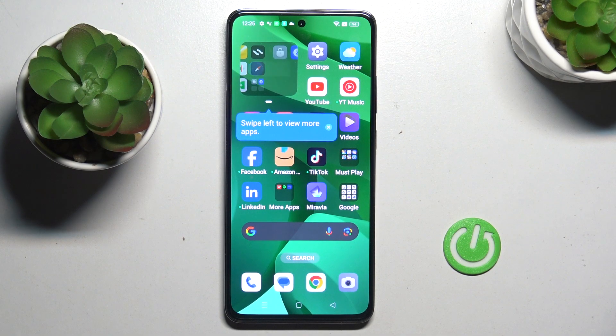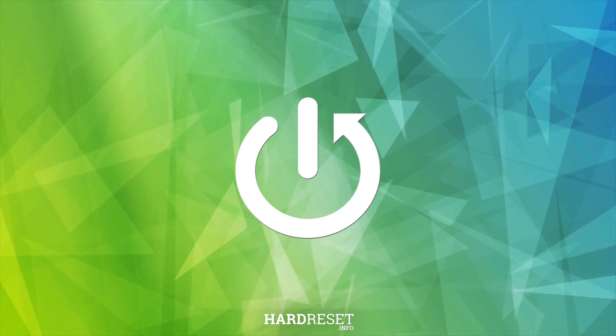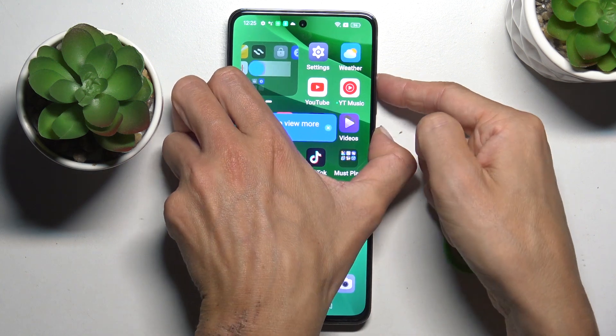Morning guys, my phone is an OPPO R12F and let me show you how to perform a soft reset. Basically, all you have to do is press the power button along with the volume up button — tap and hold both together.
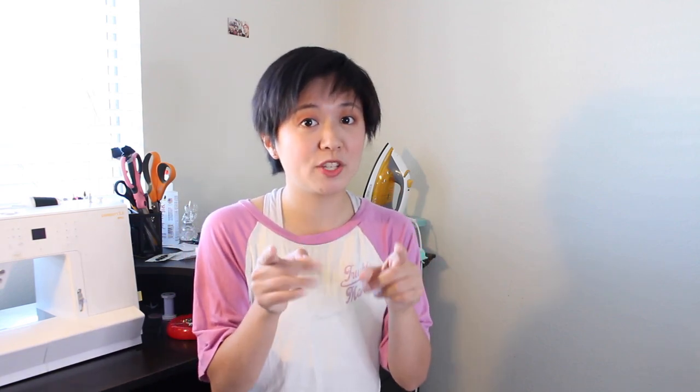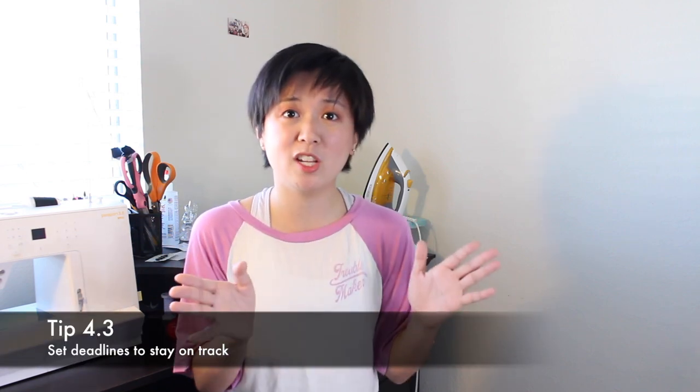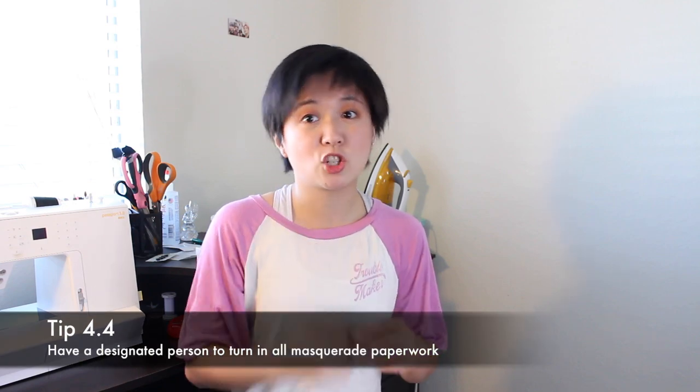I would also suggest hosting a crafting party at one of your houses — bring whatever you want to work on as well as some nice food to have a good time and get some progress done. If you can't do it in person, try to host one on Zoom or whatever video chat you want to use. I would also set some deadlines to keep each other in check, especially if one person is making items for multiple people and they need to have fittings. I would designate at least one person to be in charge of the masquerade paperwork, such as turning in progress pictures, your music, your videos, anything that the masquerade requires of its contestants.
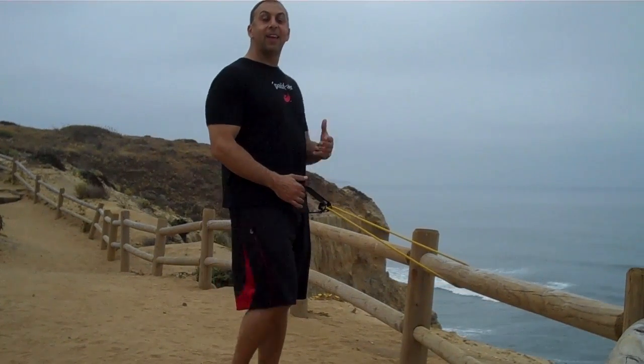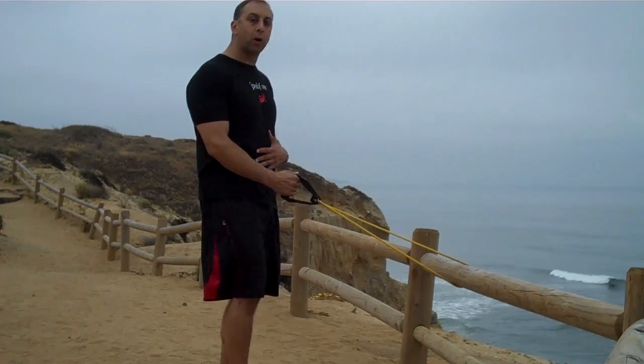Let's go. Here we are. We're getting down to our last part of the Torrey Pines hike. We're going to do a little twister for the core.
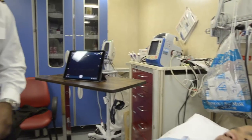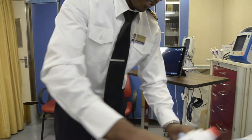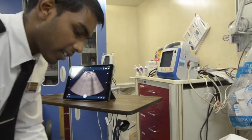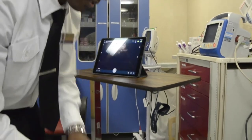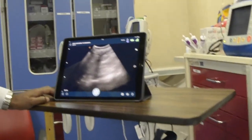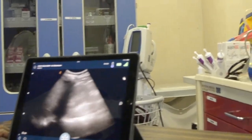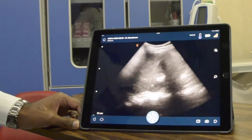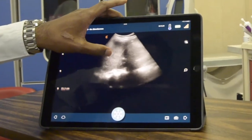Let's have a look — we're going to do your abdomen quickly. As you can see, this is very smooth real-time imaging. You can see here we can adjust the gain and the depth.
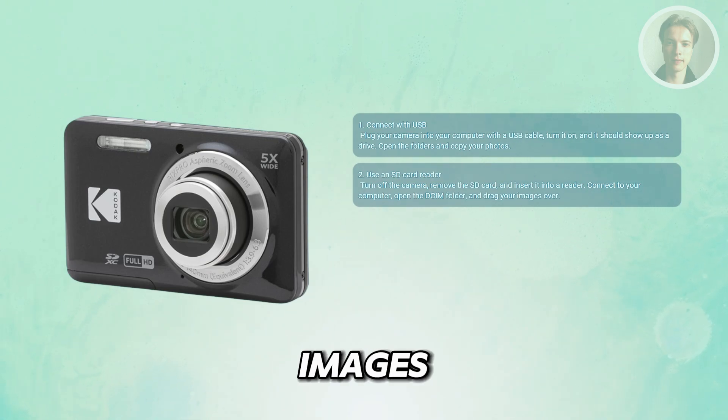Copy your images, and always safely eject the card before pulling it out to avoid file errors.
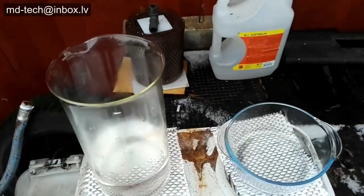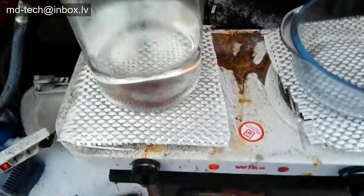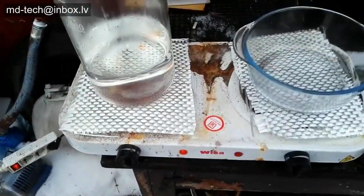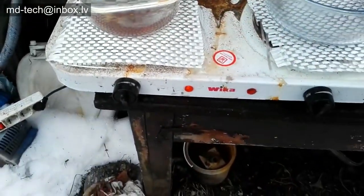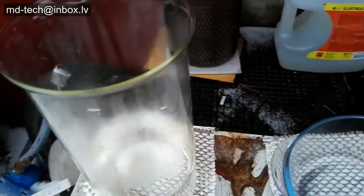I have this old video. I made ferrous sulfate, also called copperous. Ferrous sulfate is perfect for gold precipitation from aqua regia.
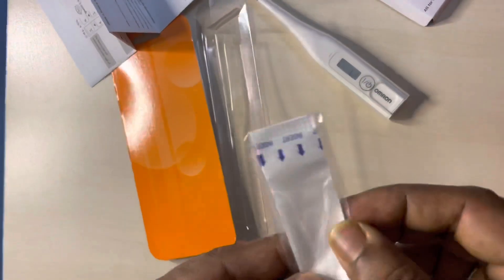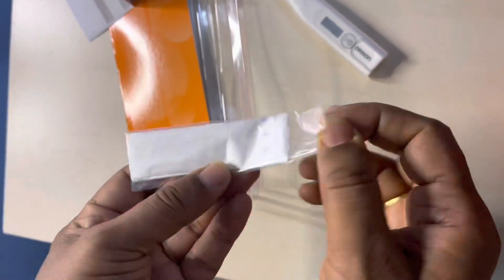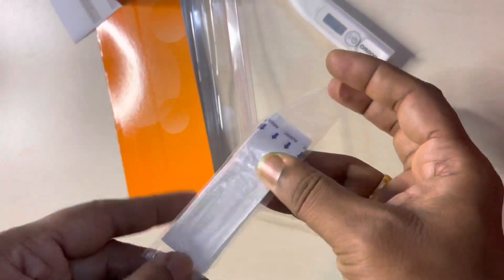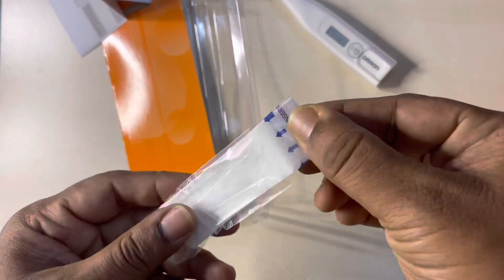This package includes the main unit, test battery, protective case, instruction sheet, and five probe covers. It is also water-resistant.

○ ○ ○

» Activity
Would you copy the lines above exactly, starting with the one that has "Let's have a" and ending with the one that has "Copy your images, and", both included, without the pictures?

» Task result
Let's have a look — we're going to do your abdomen quickly. As you can see, this is very smooth real-time imaging. You can see here we can adjust the gain and the depth.
Copy your images, and always safely eject the card before pulling it out to avoid file errors.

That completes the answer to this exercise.